• Input data:
============================================================
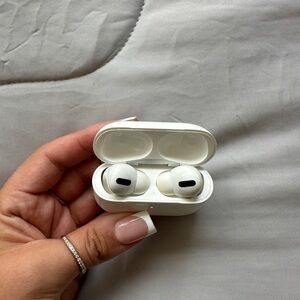 Apple AirPods Pro (1st Gen) - Good Condition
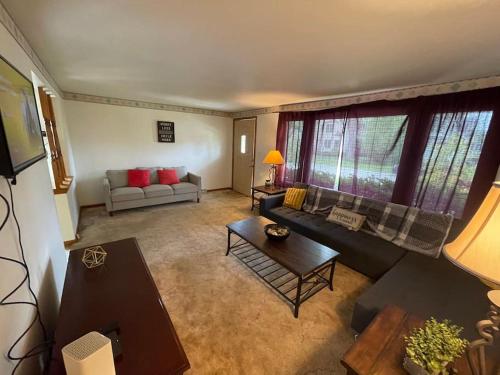 Retro 5 bed house in the heart of entertainment in Blue Island, USA
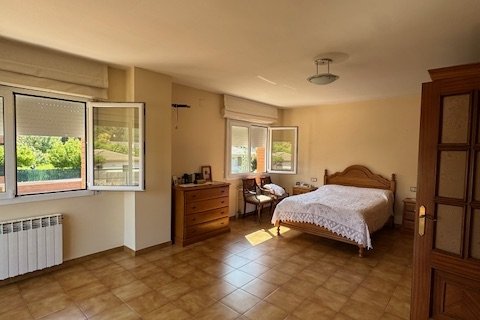 Dom w Corbera de Llobregat, Barcelona, Hiszpania 6 sypialni, 230 mkw. nr 153447 – zdjęcie 15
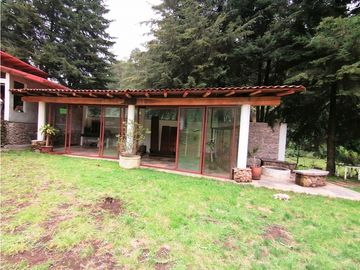 CASA EN VENTA/LOS SAUCOS /VALLE DE BRAVO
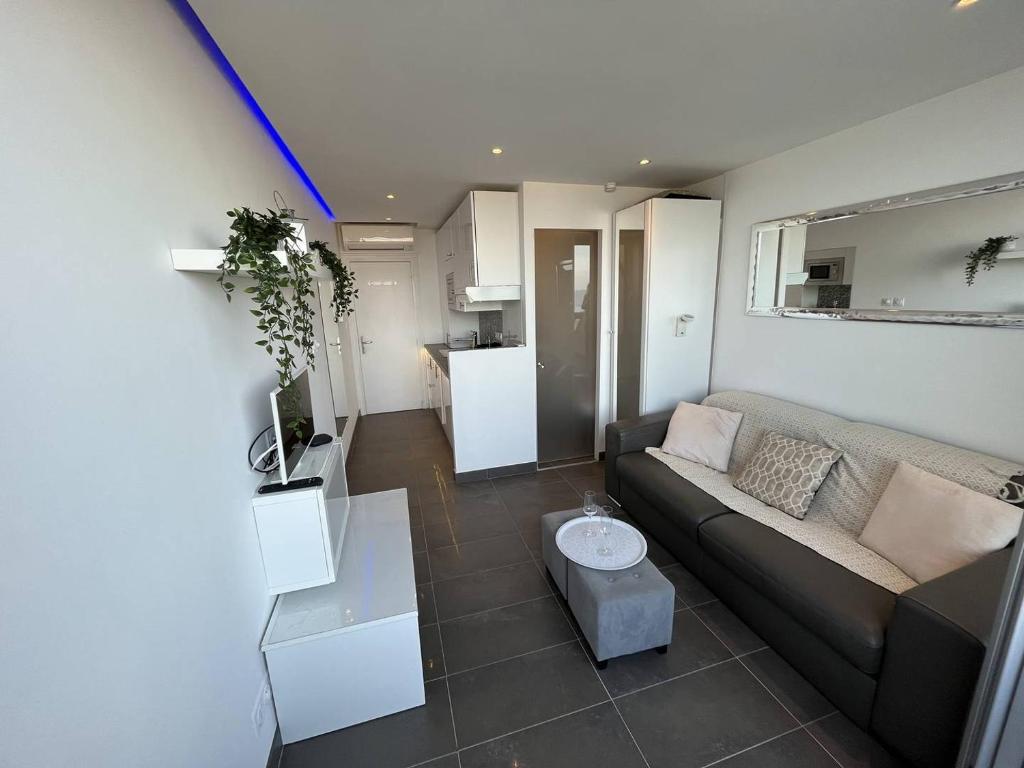 Studio 2 couchages Cap d'Agde Naturisme CN060-AB422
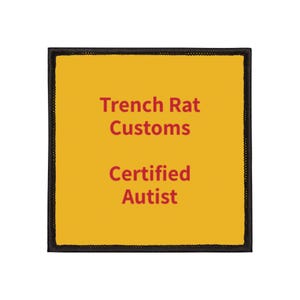 Peut inclure: Écusson carré avec un centre jaune et une bordure noire. L'écusson présente le texte "Trench Rat Customs" et "Certified Autist" en lettres rouges. L'écusson est probablement destiné aux vêtements ou aux accessoires.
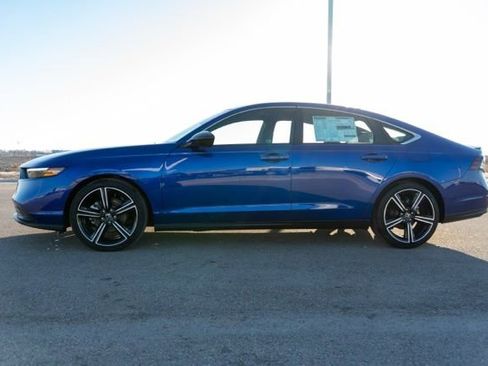 Used 2024 Honda Accord Sport image 4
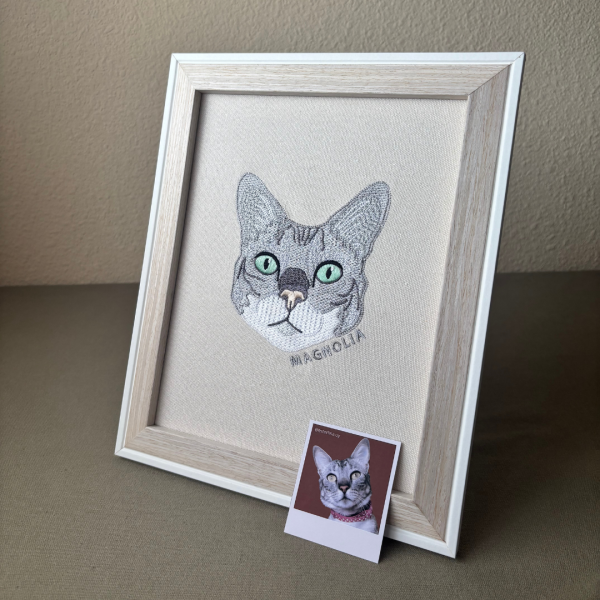 Cuadro con mascota bordada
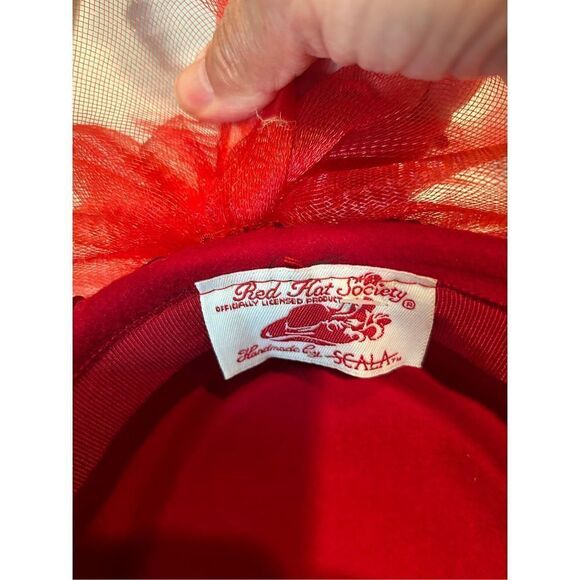 RED Felt Vintage Hat - Picture 7 of 7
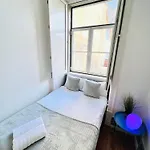 In Alfama, Location In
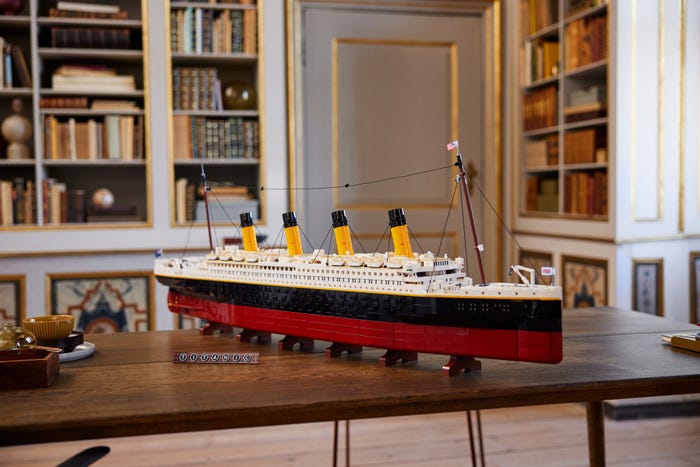 regering Kapel i morgen The Top 10 Biggest LEGO® sets ever | Official LEGO® Shop US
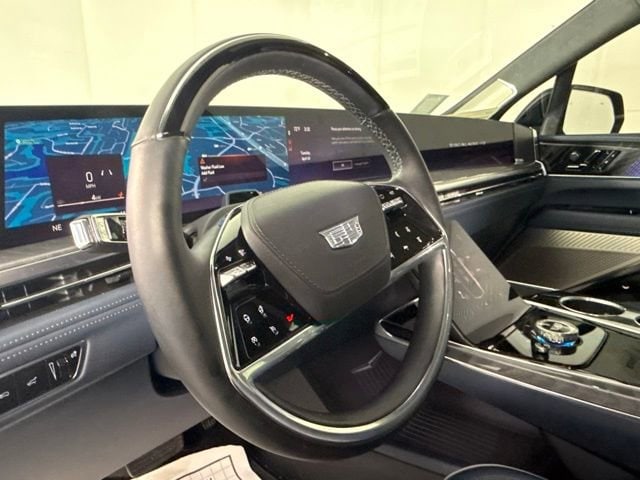 2025 Cadillac Escalade IQ Luxury 2 - Photo 16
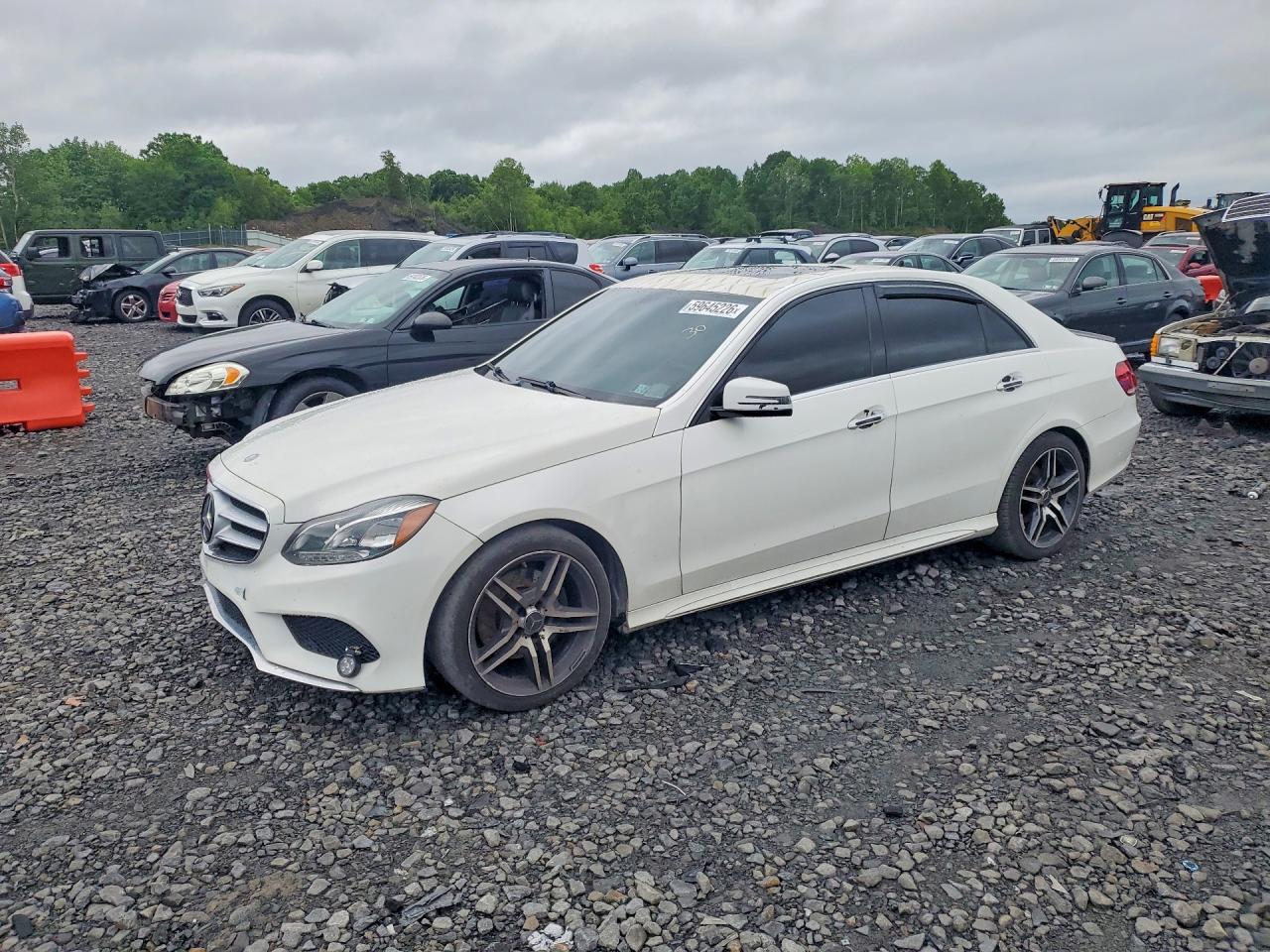 2014 Mercedes-benz E 350 4matic White vin: WDDHF8JB9EA854492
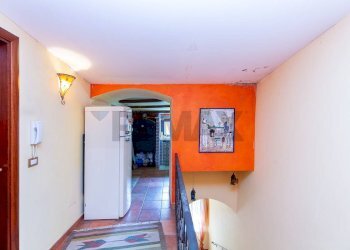 Hall / corridoio - Casa indipendente via chiesa vecchia
 
28, Barrafranca - foto 1
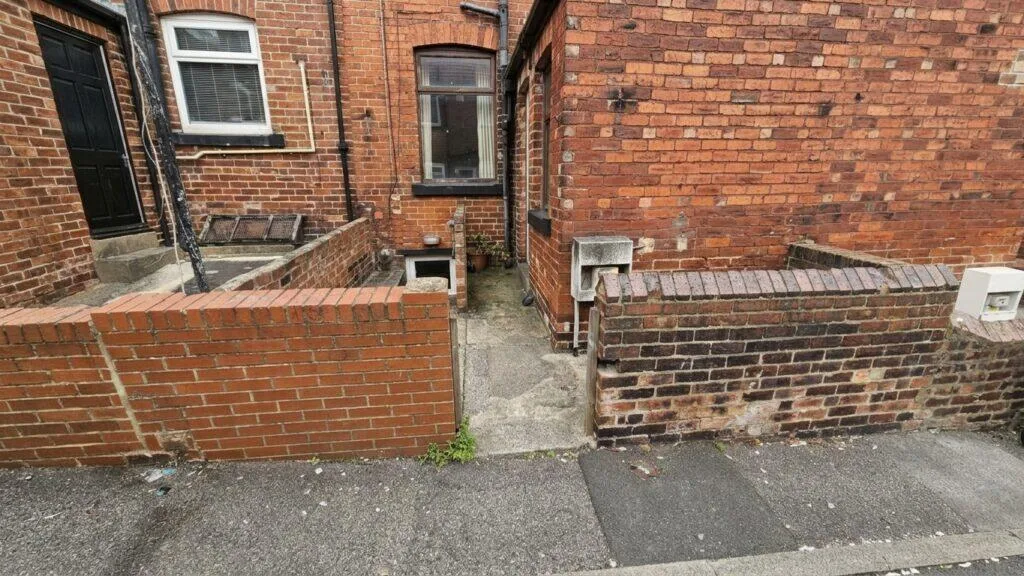 5 bedroom terraced house for rent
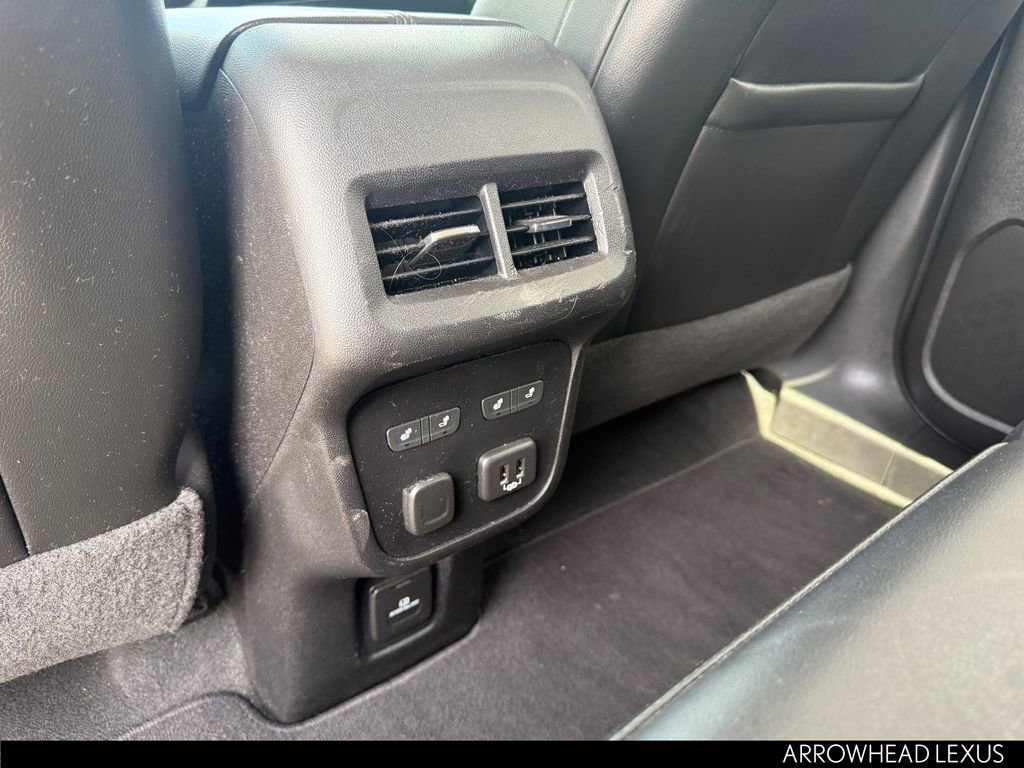 Used 2018 Chevrolet Equinox Premier FWD image 29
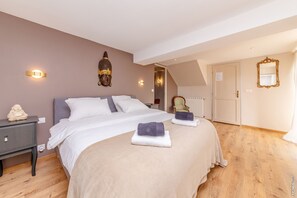 6 slaapkamers, een bureau, een strijkplank/strijkijzer, reisbedje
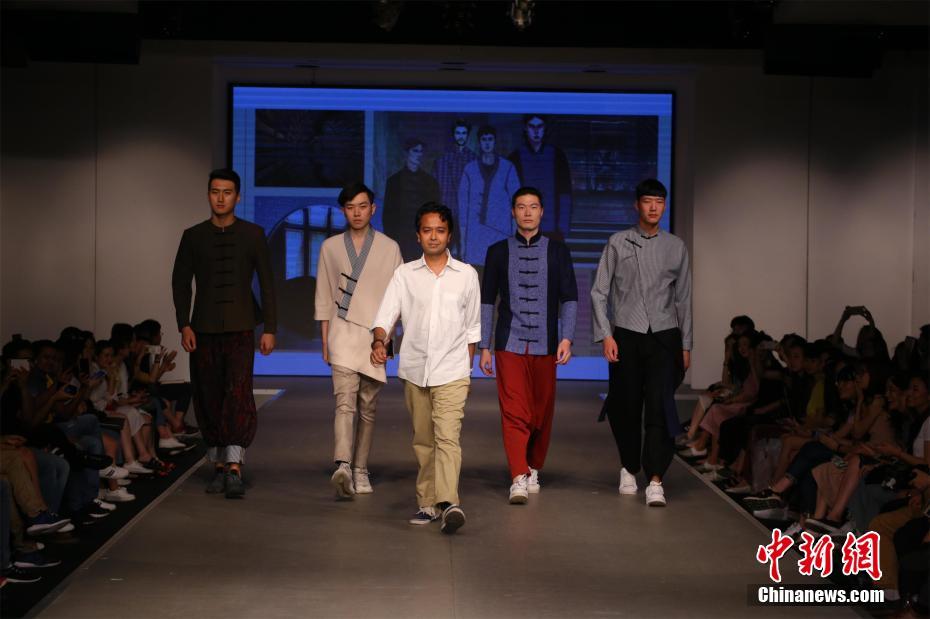 院生卒業ファッションショー、留学生が自国と中国を融合させた衣装を披露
============================================================
• Task goal: Nothing but the lines from the line containing "2025 Cadillac Escalade" through the last line of the records above should be written out, exactly and without the pictures.

• Solution to this exercise:
 2025 Cadillac Escalade IQ Luxury 2 - Photo 16
 2014 Mercedes-benz E 350 4matic White vin: WDDHF8JB9EA854492
 Hall / corridoio - Casa indipendente via chiesa vecchia
 
28, Barrafranca - foto 1
 5 bedroom terraced house for rent
 Used 2018 Chevrolet Equinox Premier FWD image 29
 6 slaapkamers, een bureau, een strijkplank/strijkijzer, reisbedje
 院生卒業ファッションショー、留学生が自国と中国を融合させた衣装を披露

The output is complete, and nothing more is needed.